L.A. Noire is set in the 1940s and there is amazing music from that era. Game series like BioShock and Fallout have exposed me to music from the time and I thought L.A. Noire would have been a gold mine of oldies. There weren’t many songs and they rarely played them on the cars’ radios. The other music was okay, but for a game set in Hollywood’s heyday, it was lacking. While music doesn’t necessarily make or break a game, it’s an element that needed improvement.

Action Sequences

While L.A Noire is focused on asking questions and finding evidence, there are still action sequences. Unfortunately, they aren’t many of them and they feel a bit repetitive. To make matters worse, you never run out of ammo and if you fail the sequence too many times, you are allowed to skip it. For a game that hyped itself on realistic investigations and readable facial expressions, L.A. Noire’s action elements are unpolished, uneven and frequently too easy. If they were going to include action, it should have felt engaging and tense.

Exploring L.A.

Driving in L.A. Noire

In a good sandbox game, players should want to explore. L.A. Noire has a huge map, but not much to do in it. There are landmarks and cars to find, but they don’t add to the gameplay. Occasionally, a side mission would be announced, but these weren’t anything special and were pretty linear. They can be a fun distraction, but they were generic car chases and shootouts that didn’t have any substance. It would have been great if the side missions encouraged exploration and lasted longer. They could have been mini-cases that were different from the main campaign. Ongoing, smaller cases would have broken up the monotony of the overall story and gameplay.
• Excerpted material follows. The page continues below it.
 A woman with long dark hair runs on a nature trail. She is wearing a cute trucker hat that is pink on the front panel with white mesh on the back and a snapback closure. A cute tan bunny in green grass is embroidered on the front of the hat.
I absolutely enjoyed many of the early cases in the game. All of the suspense and tension focused around who killed the women in such a brutal manner was interesting. The storyline reached a brilliant climax when you were tasked with driving around and finding the poetry clues. Unfortunately, if you couldn’t solve the clues within a few minutes, Cole would just spit out the answer and then you knew exactly what to do. Once that string of cases was over, the game seemed to lose its steam. The investigations began to feel repetitive and uninteresting. It was almost like the game worked backwards. While they tried to mesh the storylines of the later cases together, they felt forced and weren’t as exciting as the beginning.


Cole from L.A. Noire

In a game like L.A. Noire, the characters should be well developed. This really didn’t happen, especially with Cole Phelps. As a main character, he often felt like an afterthought to his more colorful partners. Players never really learn much about him. He’s a “good” cop among corrupted ones. He was in WW II, but this was shown through cutscenes that were often confusing. He has a family, but they aren’t seen or talked about much in the game. With the “is Cole cheating on his wife?” storyline, they could have done more to humanize him and flesh out his motives and personality. Instead, Cole came off looking like an unfeeling jerk. Even in the end when he sacrifices himself, there is no real emotion there and his death doesn’t have the impact it deserved.
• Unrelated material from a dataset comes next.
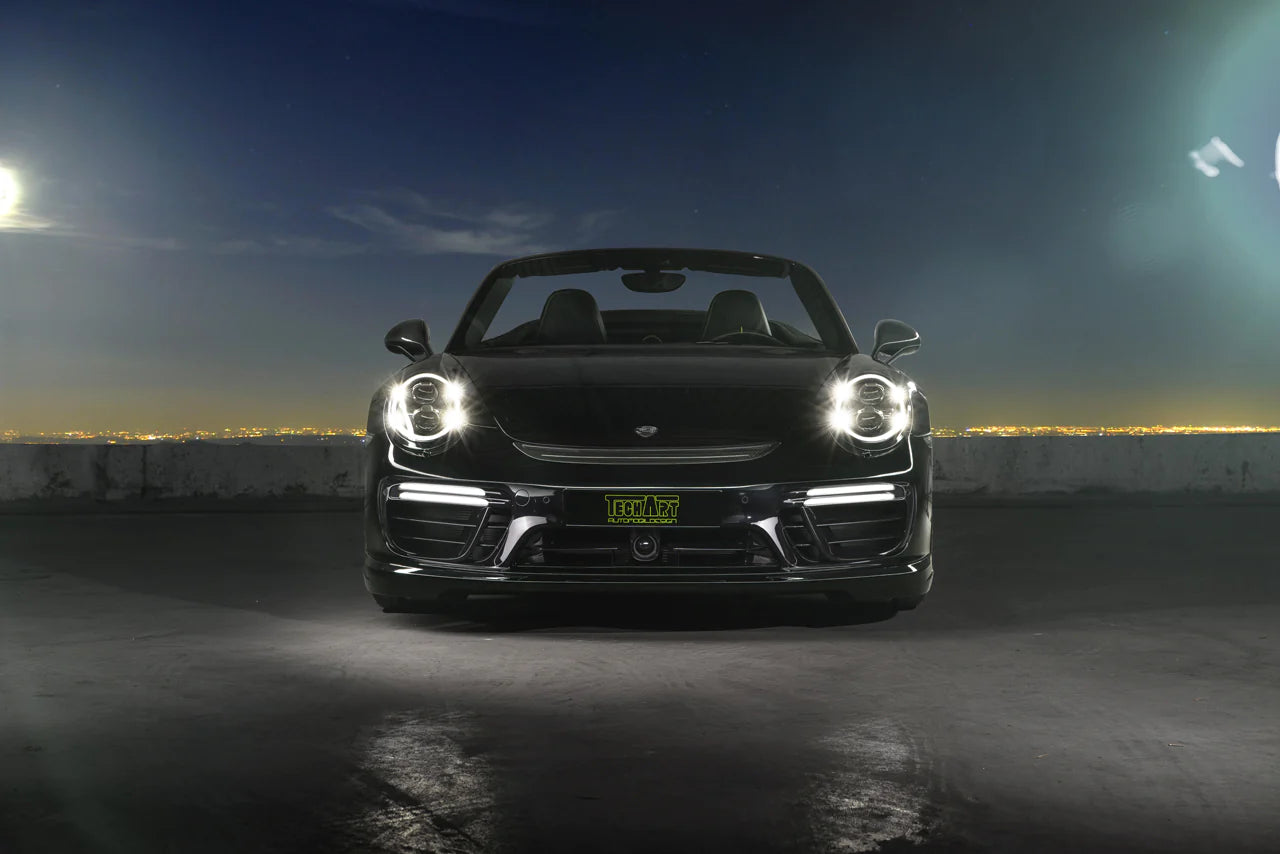 A front view of TECHART Aero Wings for Porsche 991.2 Turbo from MY17 fitted on a black Porsche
There are gameplay elements, like the facial recognition technology, that are stunning, but it wasn’t enough to carry L.A. Noire to true greatness. While smaller things like the lack of music won’t break a game, other things like repetitive action sequences and dull cases can make players lose interest quickly. L.A. Noire definitely is an unique gaming experience, but that doesn’t make up for the less than stellar parts. If there ever is a sequel, hopefully the gameplay will be more even and exciting.